Suku Nomadik yang Menjadi Dinasti

Suku Oghuz mulai mengenal dan memeluk ajaran Islam ketika menetap di Asia Tengah selama abad ke-8 dan 9. Suku ini kemudian mengembara ke Turkistan, Persia, lalu Irak. Ketika mereka mengembara di Irak, terjadi serangan-serangan orang-orang Mongol pimpinan Jenghis Khan, yang memaksa suku ini mencari tempat pengungsian ke tengah orang-orang Turki Seljuk di dataran tinggi Asia Kecil. Berkat hubungan baik yang terjalin antara kedua suku ini, Penguasa Seljuk menghadiahkan sebidang tanah di wilayah barat Anatolia, dekat perbatasan Romawi. Suku Oghuz semakin berkembang menjadi kekaisaran kecil yang beribukota di Syukud pasca tahun 1071.

Dinasti Utsmaniyyah pun resmi berdiri pada tahun 1299, ketika kepemimpinan suku Oghuz dipegang oleh Osman Gazi atau Utsman bin Urtughral atau Osman I (1294-1326). Di masa Osman I, dinasti ini berhasil memperluas batas pemukiman Turki hingga ke perbatasan Kekaisaran Byzantium di Asia Kecil. Dari Dinasti Utsmaniyyah, gelar “Kekhalifahan Islam” sendiri baru berhasil diraih untuk pertama kalinya di tahun 1517 oleh Sultan Selim I setelah sukses menaklukkan Kesultanan Mamluk. Penaklukan ini sekaligus menandai berakhirnya Kekhalifahan Abbasiyah (yang beraliansi dengan Mamluk) dan naiknya Turki Utsmaniyyah atau Ottoman sebagai khalifah baru umat Muslim dunia.
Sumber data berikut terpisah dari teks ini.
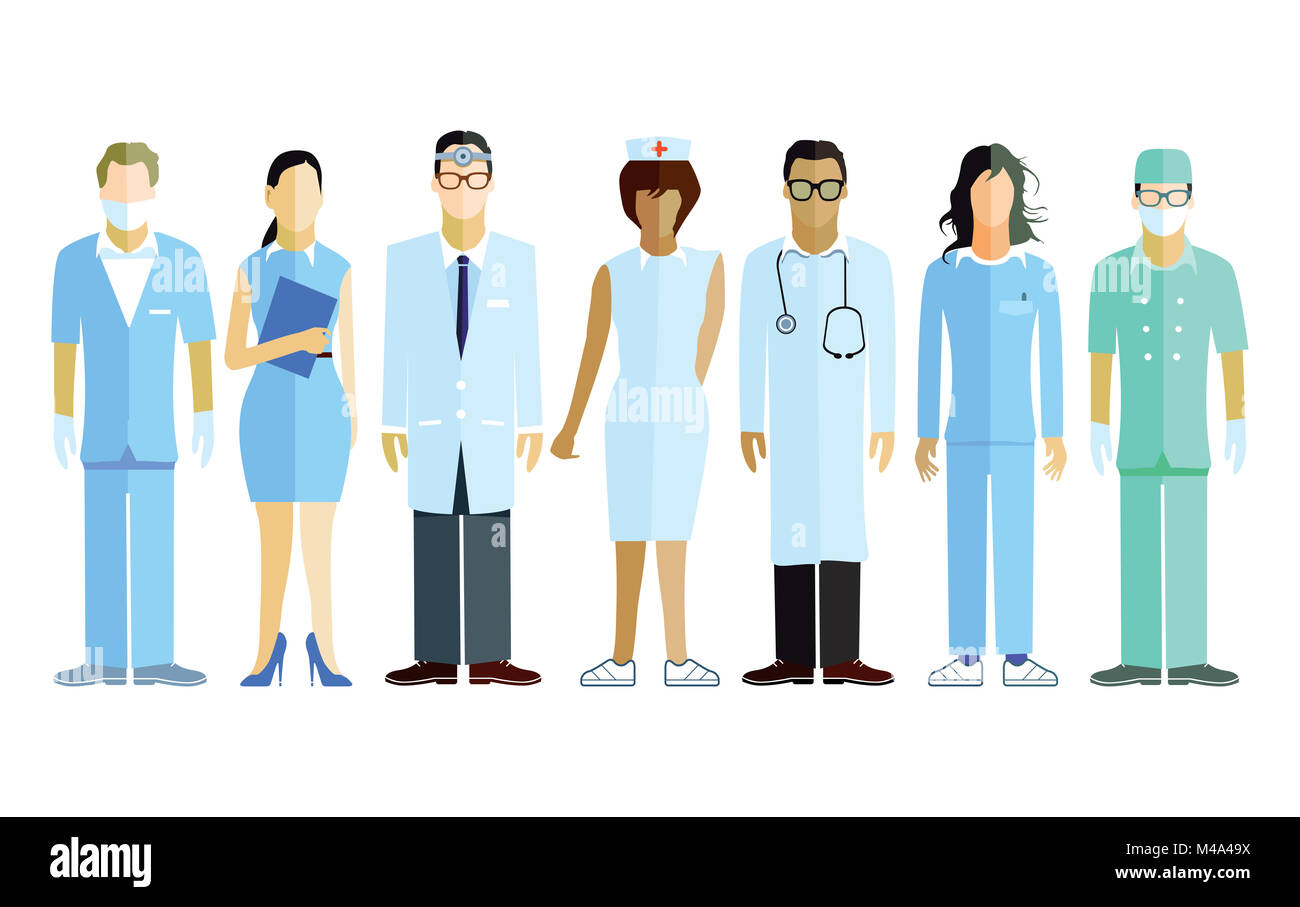 Group of doctors and nurses and medical staff Stock Photo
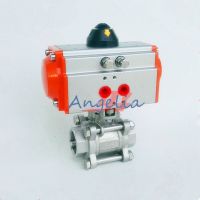 G3/4" DN20 Stainless Steel 304 Three-piece type Pneumatic Ball Valve Double Acting PTFE Seal Water Air Oil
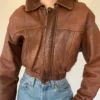 Vintage Cropped Leather Jacket webp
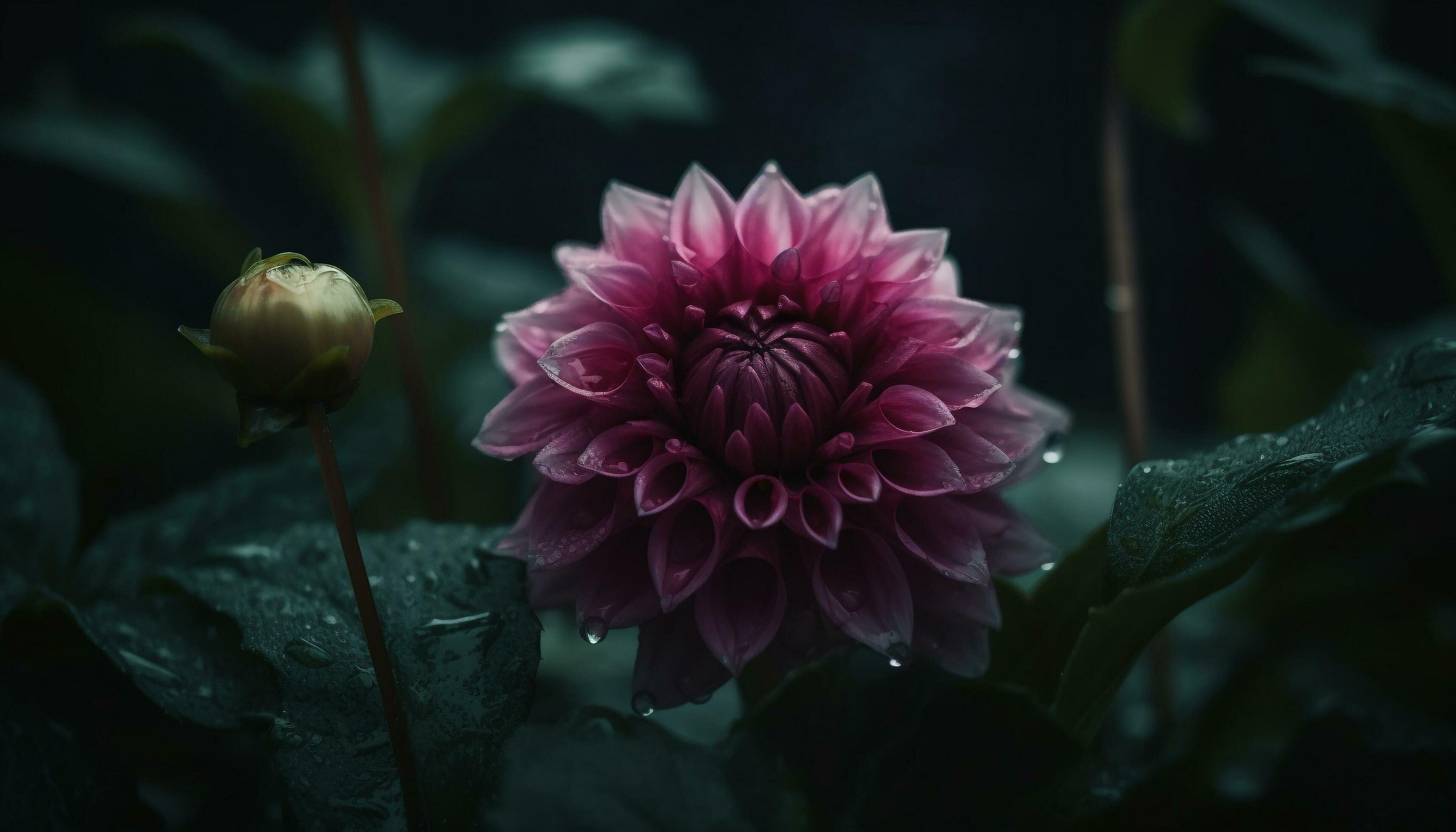 Fresh pink and purple petals adorn single flower in nature generated by AI Stock Free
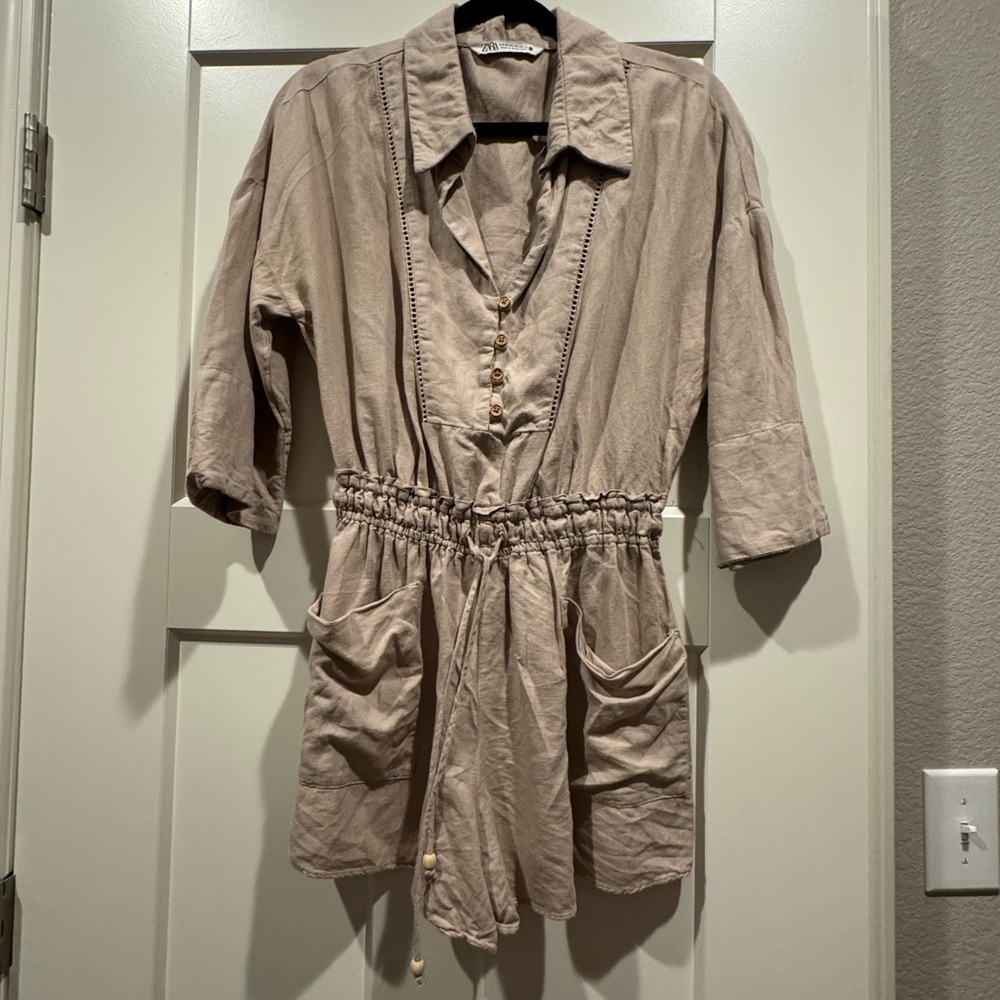 Zara Beige Button-Down Drawstring Romper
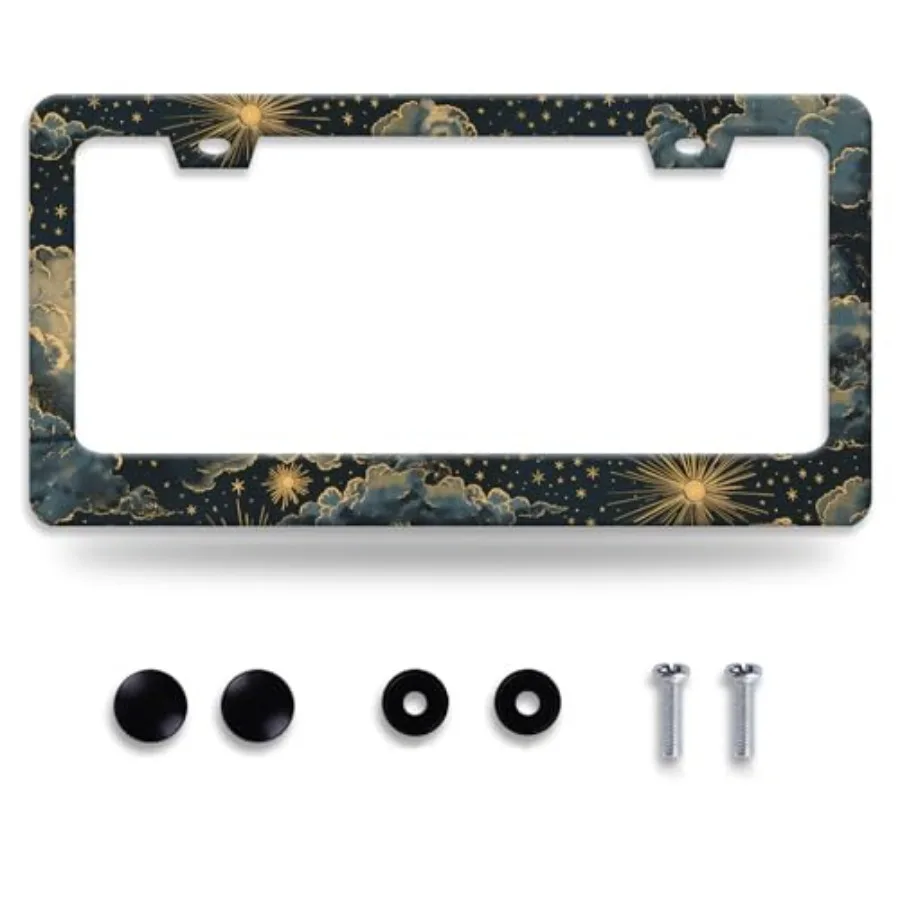 

Beautiful Night Starry Sky License Plate Frame Nebula Stars License Plate Holder Funny Personalise Car Stainless Stee Decorativ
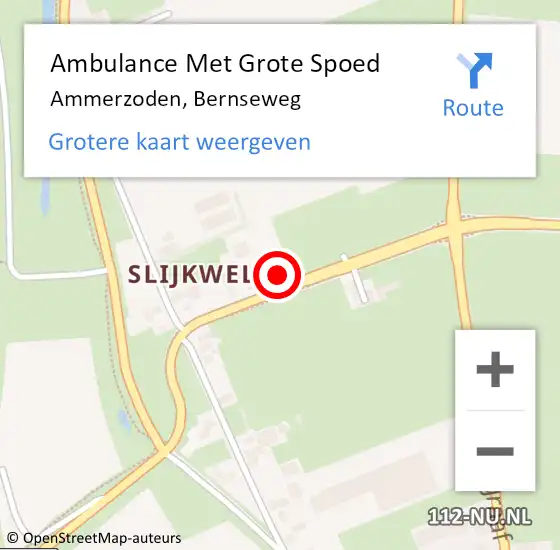 Locatie op kaart van de 112 melding: Ambulance Met Grote Spoed Naar Ammerzoden, Bernseweg op 2 oktober 2022 01:36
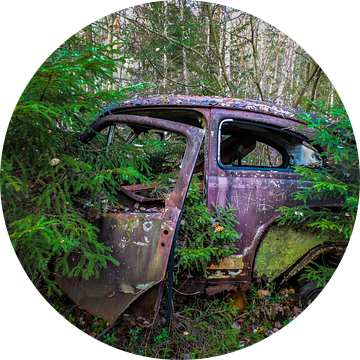 Verroeste, verlaten auto in het bos van Patrick Verhoef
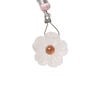 Light rose quartz / garnet 1pkg1, top-drilled hand-cut 1sided carved flower bead natural, 16mm image number 0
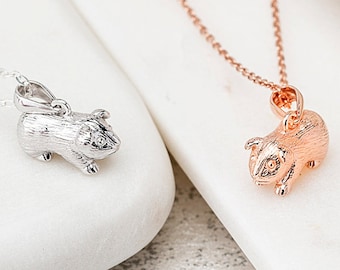 Sterling Silver Guinea Pig Pendant - Double sided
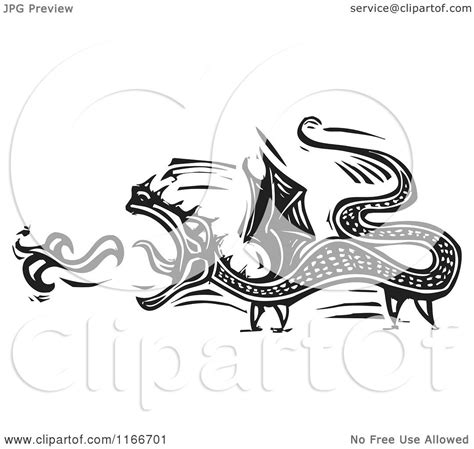 Vector illustration of camp fire. Clipart of a Fire Breathing Dragon Black and White Woodcut ...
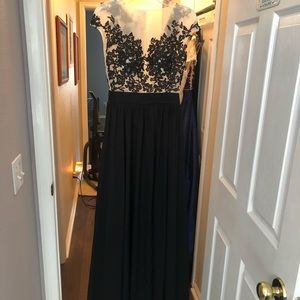 Black Dress with Floral Accents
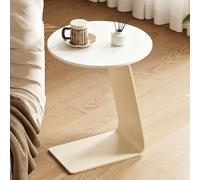 Mesita Auxiliar for sofá en Forma de C Mesita de Noche | Redonda Tablero De Madera O Piedra Espacios Pequeños Para Sofá, Cama, Salón, Dormitorio(D+Stone slab tabletop)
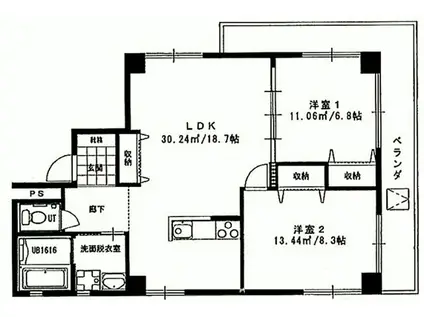 サザンリーフ(2LDK/2階)の間取り写真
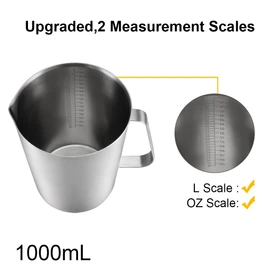 uxcell Measuring Cup 2000ml 64OZ, 2 Measuring Scales, Including ML Scale, Ounce Scale, 304 Stainless Steel Graduated Beaker with Handle for Lab Kitchen liquids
Kekhalifahan Turki Utsmani berkuasa cukup lama, yakni sekitar 625 tahun, dan berjaya antara tahun 1517-1924 M. Dengan periode waktu selama itu, tentu saja kekhalifahan ini menghadirkan suatu peradaban Islam yang baru. Wilayah kekuasaannya mencakup semenanjung Arab hingga Asia Selatan, menjadikan Turki Utsmaniyyah kekhalifahan yang multinasional, multietnis, dan multilingual sebagai perpaduan antara kebudayaan Persia, Bizantium, dan Arab. Peradaban Islam baru yang berkembang ini kemudian menghadirkan berbagai kemajuan baik di bidang kesenian, ilmu pengetahuan, bahkan pengobatan medis.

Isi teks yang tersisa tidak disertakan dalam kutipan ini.